Seaman Petty Officer Ernie Nichols, Royal Navy, May 1939 - September 1947

[Interviewed by David Haire on 17th June 2013]


I was born in 1922 in Ipswich, Suffolk, and started primary school when aged five in 1927. My mate and I used to walk about five miles to a fairground where I’d search near the stalls for pennies on the ground. We received a halfpenny a week as pocket money. On one occasion there I spotted a sailor boy with HMS Ganges emblazoned on his cap. This was a shore-based boys’ training establishment at Shotley, near Ipswich in Suffolk. At that time the minimum recruiting age was fifteen and a half. I admired his rig-out, blue collar, three white lines around the edging, bell bottom trousers and a girl on each arm. There and then I decided that was the life for me!

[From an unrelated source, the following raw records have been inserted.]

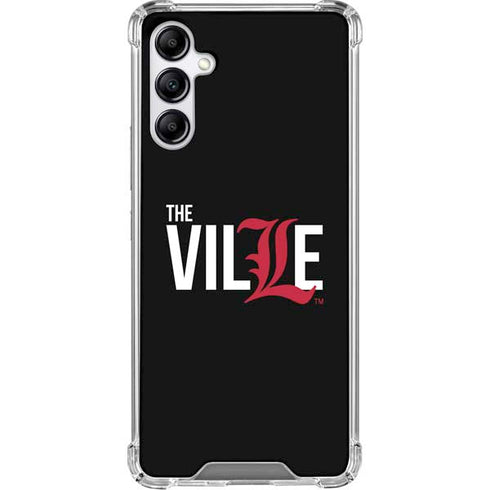 University of Louisville Black Background Galaxy A15 5G Clear Case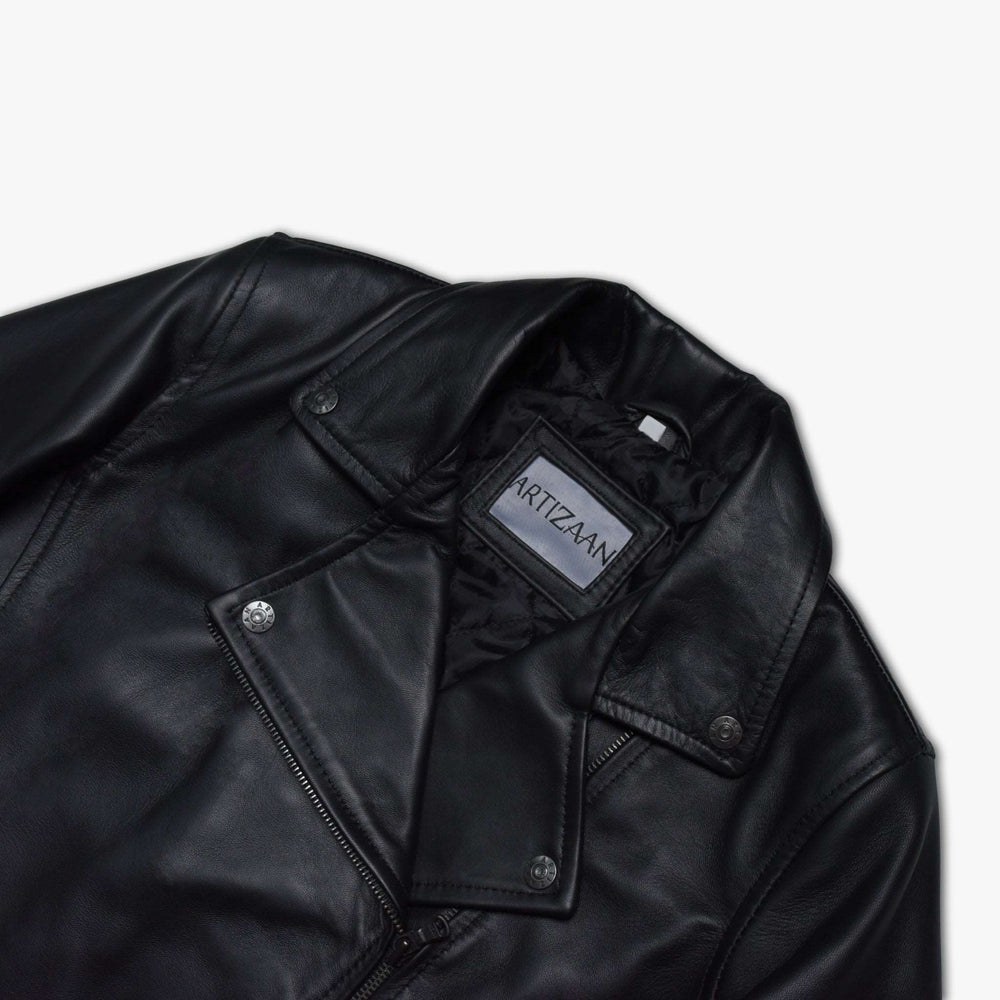 Black Biker Jacket - Full Grain Women's Leather Jacket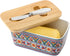 Butter Dish with Lid for Countertop, Hasense Large Ceramic Bohemian Butter Container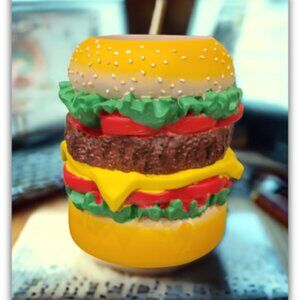 Vintage Hamburger Shaped Ceramic Pencil Holder – 4"x5" Desk & Bathroom Organizer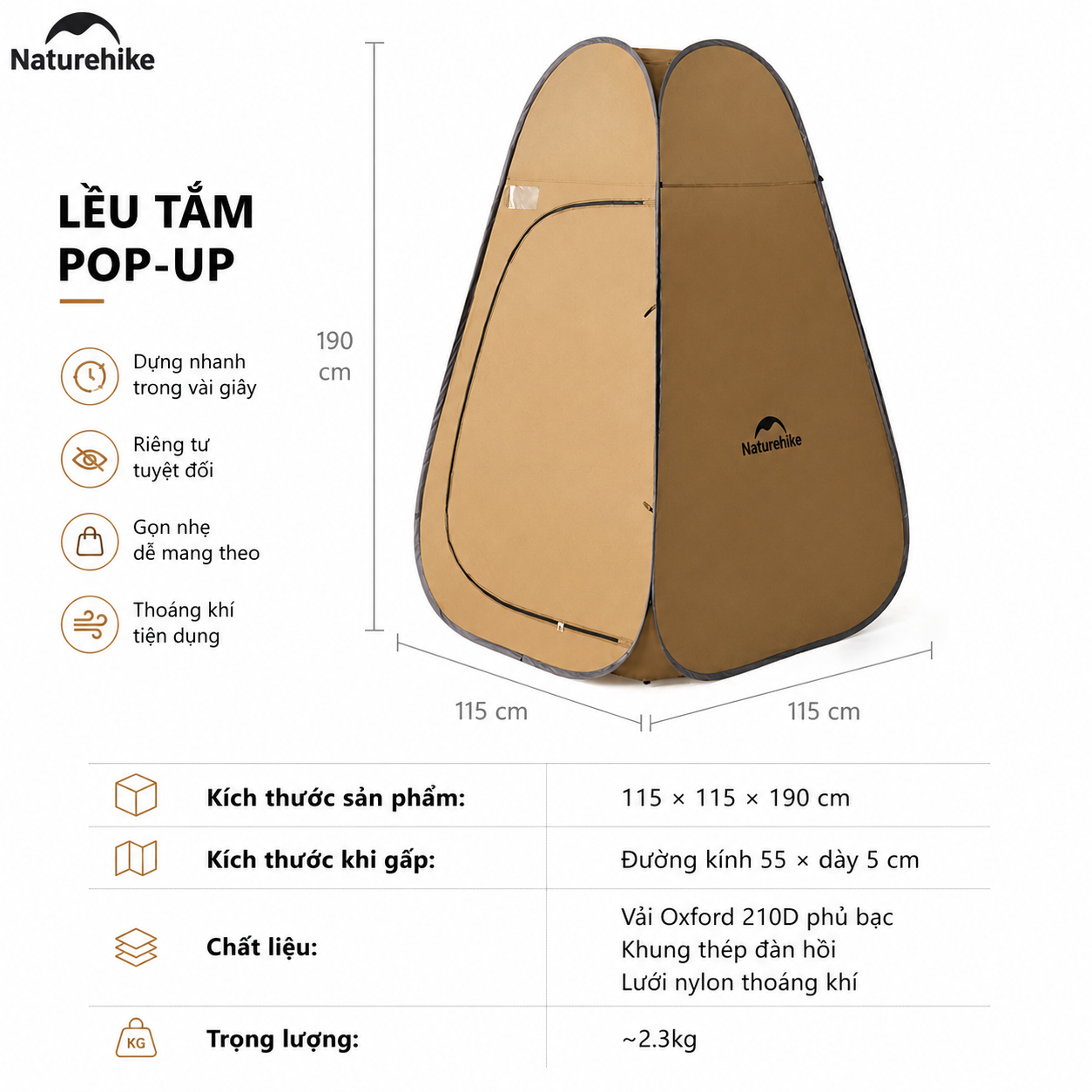 Lều Tắm Thay Đồ Naturehike NH17Z002-P – Lều Vệ Sinh Di Động, Chống Nước 2000mm, Dã Ngoại/Cắm Trại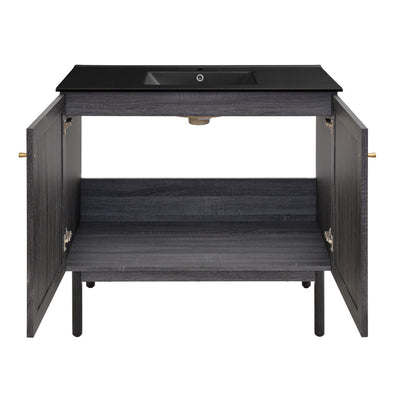 Classe 36 in. Black Oak Bathroom Vanity With Black Ceramic Sink Top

Join the navy and see the world – my wish was to be granted, but I had no idea at the outcome of the terrible price which would have to be paid. In May 1939, aged sixteen and a half, I joined the boys at Ganges and there I remained for a period of ten months for training in gunnery and seamanship. On completion in February 1940 I was drafted to HMS Pembroke, a naval barracks in Chatham in Kent, as a 1st Class Seaman to await posting orders. On 6th March I was on my way by troop train to Gourock on the Clyde, further destination unknown. Everything was hush hush in those days. With others I boarded a lighter and at the tail of the bank was a large grey coloured ship. It was only when we were aboard that we realised it was the battleship, HMS Warspite, nicknamed throughout the Service as “The Grand Old Lady” and well it might be being my home for three years. War complement was about 1,300 and it was about 200 yards long. It was like living in a village. She should have been preserved like the Belfast, she was a wonderful ship, all the way from Jutland.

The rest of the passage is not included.